**Task to complete**:
In the entries below, find each line with the string "Goods" and copy it.

**The data**:
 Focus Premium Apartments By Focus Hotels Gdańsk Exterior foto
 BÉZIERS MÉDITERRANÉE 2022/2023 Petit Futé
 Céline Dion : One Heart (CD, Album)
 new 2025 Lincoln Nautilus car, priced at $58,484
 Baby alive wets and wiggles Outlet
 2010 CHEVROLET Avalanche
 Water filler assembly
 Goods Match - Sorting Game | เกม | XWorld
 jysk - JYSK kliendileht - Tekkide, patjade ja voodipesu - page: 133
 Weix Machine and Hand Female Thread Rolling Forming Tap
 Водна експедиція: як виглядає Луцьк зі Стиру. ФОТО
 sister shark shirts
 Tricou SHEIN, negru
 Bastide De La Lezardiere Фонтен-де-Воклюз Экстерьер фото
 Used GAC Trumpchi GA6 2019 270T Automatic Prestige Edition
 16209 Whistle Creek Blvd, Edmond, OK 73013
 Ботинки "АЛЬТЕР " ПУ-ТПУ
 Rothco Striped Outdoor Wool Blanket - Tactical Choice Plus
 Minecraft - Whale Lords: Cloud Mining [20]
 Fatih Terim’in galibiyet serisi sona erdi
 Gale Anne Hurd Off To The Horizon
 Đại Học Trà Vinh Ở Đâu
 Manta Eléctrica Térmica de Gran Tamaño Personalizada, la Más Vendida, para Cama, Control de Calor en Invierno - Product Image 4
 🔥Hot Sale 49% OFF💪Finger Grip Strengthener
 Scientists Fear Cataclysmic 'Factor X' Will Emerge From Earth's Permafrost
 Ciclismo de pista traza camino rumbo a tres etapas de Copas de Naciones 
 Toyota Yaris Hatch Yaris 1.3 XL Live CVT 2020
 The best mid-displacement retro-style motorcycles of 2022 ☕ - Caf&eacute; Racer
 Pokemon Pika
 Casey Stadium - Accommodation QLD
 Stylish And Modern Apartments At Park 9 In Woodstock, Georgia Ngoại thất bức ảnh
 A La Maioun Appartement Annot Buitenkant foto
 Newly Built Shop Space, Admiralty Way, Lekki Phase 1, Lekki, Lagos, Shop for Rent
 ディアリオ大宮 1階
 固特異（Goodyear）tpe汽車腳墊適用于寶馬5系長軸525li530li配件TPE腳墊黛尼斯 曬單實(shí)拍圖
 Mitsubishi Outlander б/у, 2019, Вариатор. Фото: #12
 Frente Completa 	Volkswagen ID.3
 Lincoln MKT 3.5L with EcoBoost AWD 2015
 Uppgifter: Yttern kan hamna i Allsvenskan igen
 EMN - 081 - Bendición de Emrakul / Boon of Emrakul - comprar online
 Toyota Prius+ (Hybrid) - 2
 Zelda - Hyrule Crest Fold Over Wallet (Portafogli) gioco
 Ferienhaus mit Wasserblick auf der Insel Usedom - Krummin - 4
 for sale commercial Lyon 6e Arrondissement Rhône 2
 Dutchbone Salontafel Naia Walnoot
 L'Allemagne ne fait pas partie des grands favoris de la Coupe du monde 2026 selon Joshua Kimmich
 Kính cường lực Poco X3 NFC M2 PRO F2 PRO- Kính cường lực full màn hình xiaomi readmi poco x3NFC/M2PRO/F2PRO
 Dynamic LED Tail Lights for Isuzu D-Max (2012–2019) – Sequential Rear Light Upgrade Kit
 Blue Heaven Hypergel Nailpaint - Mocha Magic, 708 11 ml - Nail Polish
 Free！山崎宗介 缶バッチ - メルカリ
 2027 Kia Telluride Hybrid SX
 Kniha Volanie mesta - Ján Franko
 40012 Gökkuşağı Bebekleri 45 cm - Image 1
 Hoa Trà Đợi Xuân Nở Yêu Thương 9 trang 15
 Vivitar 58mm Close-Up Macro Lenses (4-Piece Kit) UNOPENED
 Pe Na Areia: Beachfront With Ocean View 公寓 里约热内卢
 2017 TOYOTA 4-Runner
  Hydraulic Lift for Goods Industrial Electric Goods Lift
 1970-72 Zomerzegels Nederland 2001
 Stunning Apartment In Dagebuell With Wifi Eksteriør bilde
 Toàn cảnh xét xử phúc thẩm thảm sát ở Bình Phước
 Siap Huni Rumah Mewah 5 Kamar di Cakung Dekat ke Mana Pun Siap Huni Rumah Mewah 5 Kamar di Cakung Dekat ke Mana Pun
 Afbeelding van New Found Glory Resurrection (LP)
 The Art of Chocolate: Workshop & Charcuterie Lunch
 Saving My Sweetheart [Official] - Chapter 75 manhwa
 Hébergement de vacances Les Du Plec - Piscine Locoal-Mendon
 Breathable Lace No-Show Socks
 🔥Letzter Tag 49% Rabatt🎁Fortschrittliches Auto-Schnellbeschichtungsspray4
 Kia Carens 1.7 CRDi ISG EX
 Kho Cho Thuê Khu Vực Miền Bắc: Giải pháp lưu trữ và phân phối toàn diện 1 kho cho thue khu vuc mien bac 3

**Your solution**:
 Goods Match - Sorting Game | เกม | XWorld
  Hydraulic Lift for Goods Industrial Electric Goods Lift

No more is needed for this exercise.